Sisters Meg and Dia Frampton are a modern day Brady Bunch. The musical girls started playing together as an acoustic duo while living in Vegas and have since moved to Utah and taken on three more band members for a fuller sound that earned them spots on the Warped Tour in 2006 and 2007.
We chatted with Dia as she drove the band’s van to Guitar Center and found out about Meg & Dia’s upcoming album, the first song Dia ever wrote and the ups and way, way downs of life on the road.
The band kicks off their tour tonight in Vegas at the House of Blues.
What do you have planned for this tour?
We’re getting a new record out; it’s coming out sometime in March, I believe. We haven’t ever really played a lot of the new songs. The next set that we’ve been practicing is 70 to 80 percent new songs. Some of the old songs I’ve been playing for over six years, so it’s just good to get some new material from our new record.
What music did you do while you were living in Vegas?
We were in a band called Coward’s Courage for a short while. Then Meg left to Utah and she joined another more hardcore band. I stayed with the band and then it slowly fell apart, because I feel like essentially Meg and I play really well together, and when we get our own separate bands the dynamic is really lost. So we just found our way back to each other, as funny as that sounds.
Does playing Vegas feel like a homecoming for you?
For some reason, I don’t really feel like I have that big home city. I know bands are like “We’re from this place,” but it’s hard to say where we’re from because we started acoustic in Vegas, and we essentially became a band in Utah.
You played Warped Tour in 2006 and 2007. How was that first tour in 2006 when you were just starting out?

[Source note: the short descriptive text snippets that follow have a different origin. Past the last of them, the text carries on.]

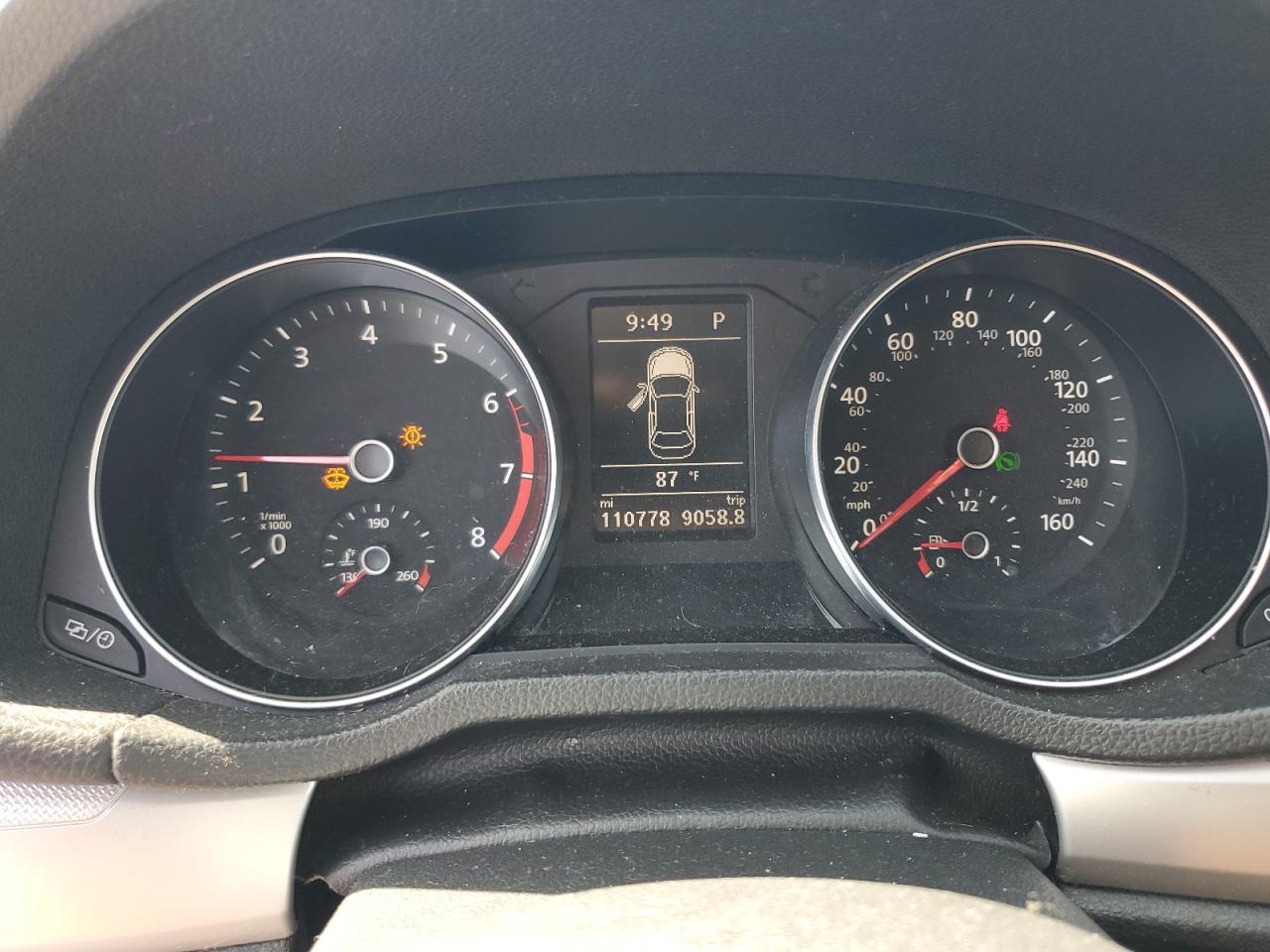 2016 VOLKSWAGEN Passat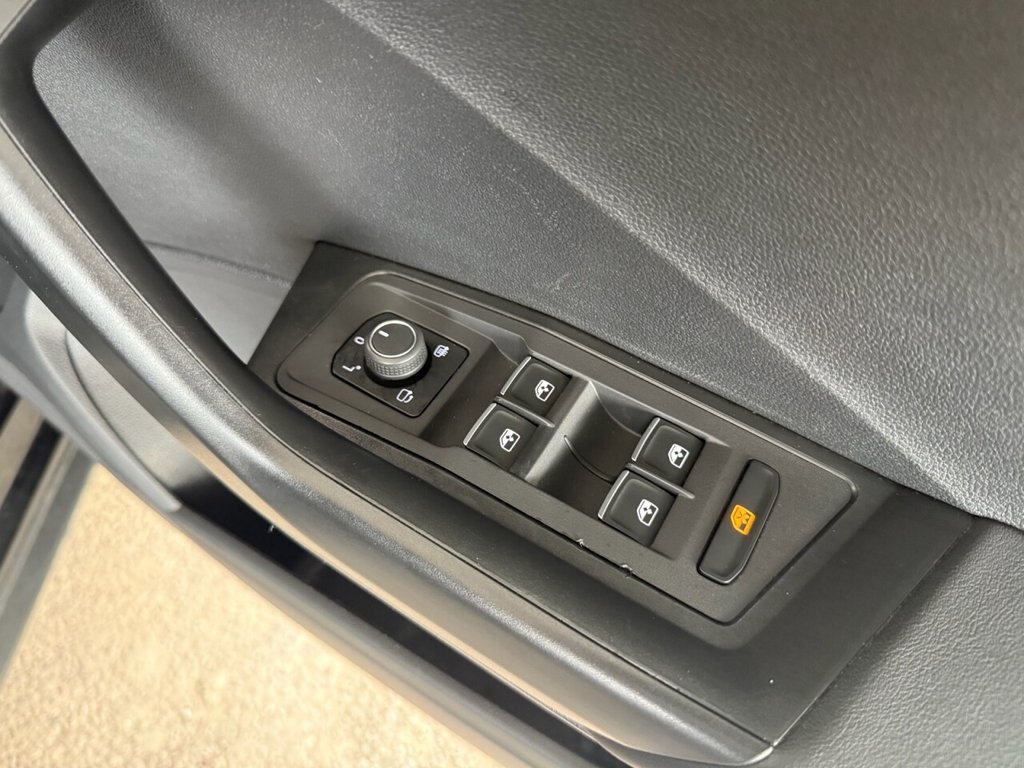 Used Volkswagen T-Roc 2019 for sale - 76323731: Photo 26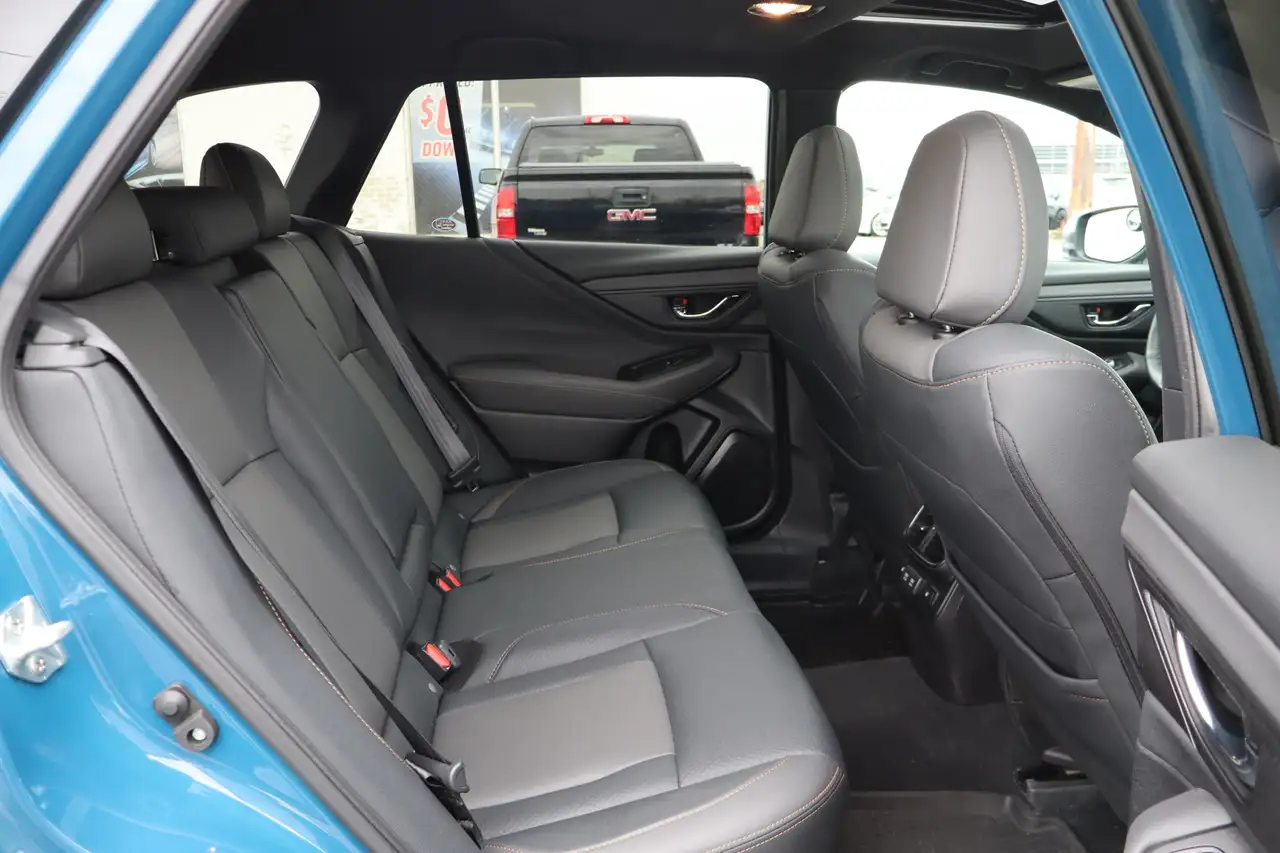 Subaru OUTBACK fotografie Subaru OUTBACK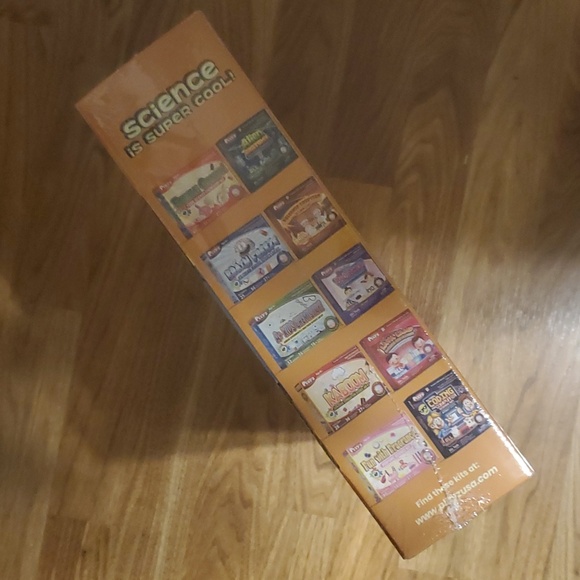 Playz Explosive Kitchen Lab Physics, Chemistry, & Biology Science Experiment Set - Picture 6 of 14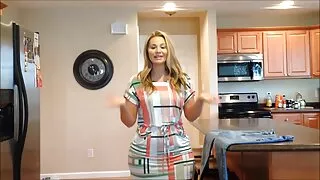 Cücə müxtəlif mövqelərdə sikilir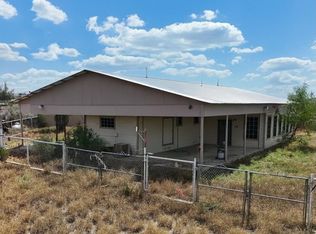 19 Hatfield Ln, Zapata, TX 78076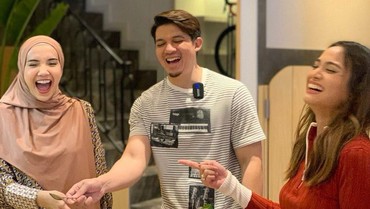 img-title Irwansyah Semringah Bertemu Acha Septriasa, Zaskia Sungkar: Cubit Nih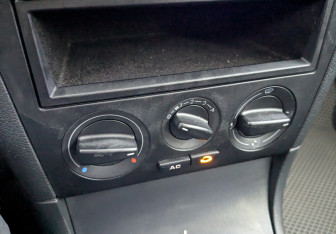 Подержанный автомобиль Skoda Octavia Liftback 2010 года (26 фото)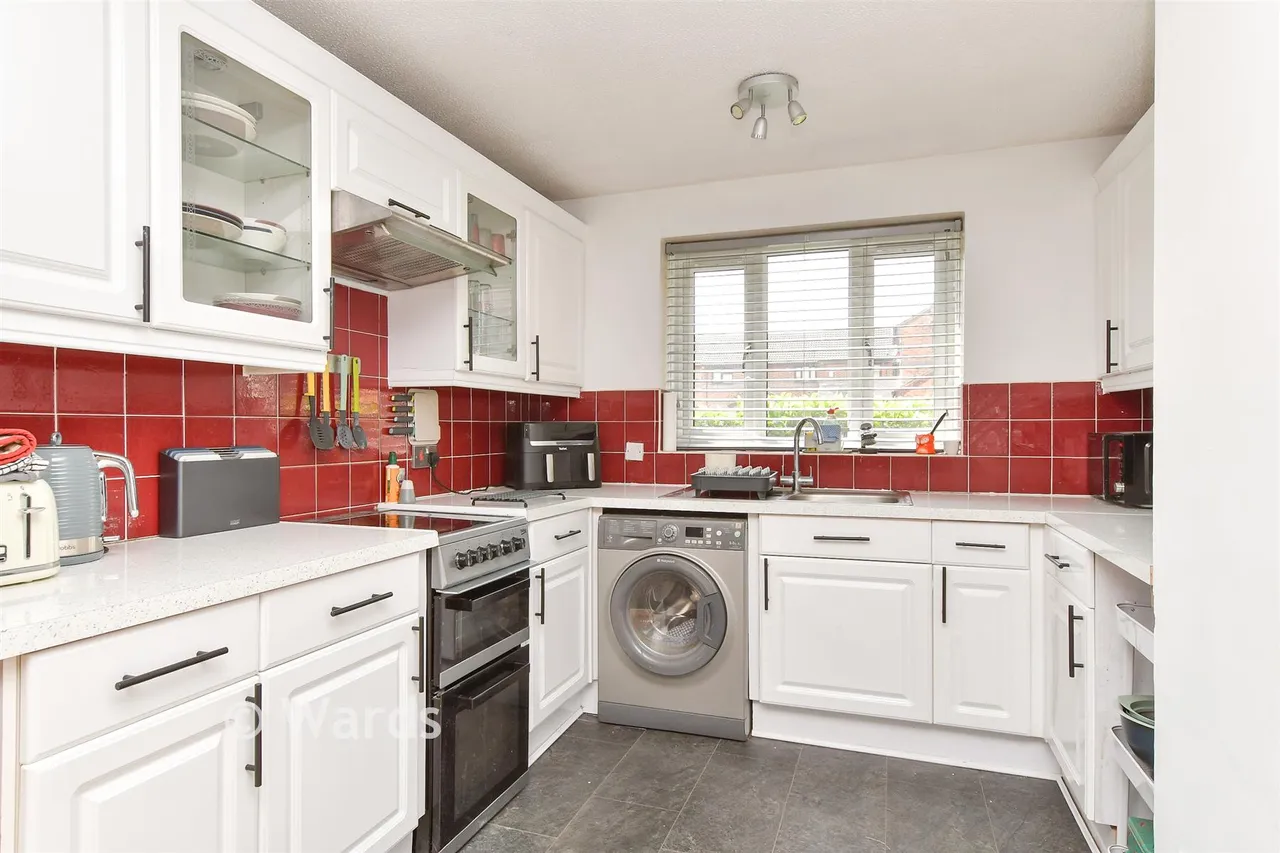 1 bed flat for sale, Woodfall Drive, Dartford, DA1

It was a big shock. We played in a dirt tent for the whole 2006 tour. … We were on a bus, but we were paying for the bus with our merch money, so by the end of the tour we had like an $8,000 debt to our merch company. It was really stressful, because it felt like we had an apartment, which was our bus, that we couldn’t afford. Meg would be sitting in her bunk calculating money from T-shirts, and she’d be like, “We need to sell this many more CDs to be able to pay rent, for our bus spots.” It was the hardest time for our band. It’s just like being married. When you’re in debt, it’s awful.
A lot of your songs have been inspired by literature. Are any of your new songs specifically based on books?
Our new record is a lot more about our lives and our personal relationships with people and how we feel about everything that’s happened to us in the last couple of years. The only song that’s based specifically on a book is called “Hug me til You Drug Me,” which is based on a book called Brave New World If I didn’t tell you I wrote about that most people wouldn’t know, because it’s just my reflections on the author Aldous Huxley’s experiences and his ideas about how you can grow up a certain way because of the parents you have or the environment you’re in.
What’s the first song you remember writing?
I wrote a song when I was 14 about my best friend and her boyfriend. It was the funniest song. It was called “Lacey’s Song” cause that was my friend. … I knew three chords on the guitar and I just wrote her this song cause I was like,” That guy’s a douche, so I’m going to write you a song.” I mean, she thought it was good, but she was just being nice, ‘cause it was awful.